Crawled caption data –
------

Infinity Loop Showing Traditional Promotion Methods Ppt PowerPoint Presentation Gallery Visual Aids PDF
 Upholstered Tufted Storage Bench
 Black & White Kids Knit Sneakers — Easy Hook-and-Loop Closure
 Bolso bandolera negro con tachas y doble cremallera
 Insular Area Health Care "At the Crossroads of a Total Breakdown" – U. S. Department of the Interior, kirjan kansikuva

------

EXERCISE DETAILS – Each line above that has "Loop" adds one to the count; say the final count with no other text.

SOLUTION TO THIS EXERCISE – 2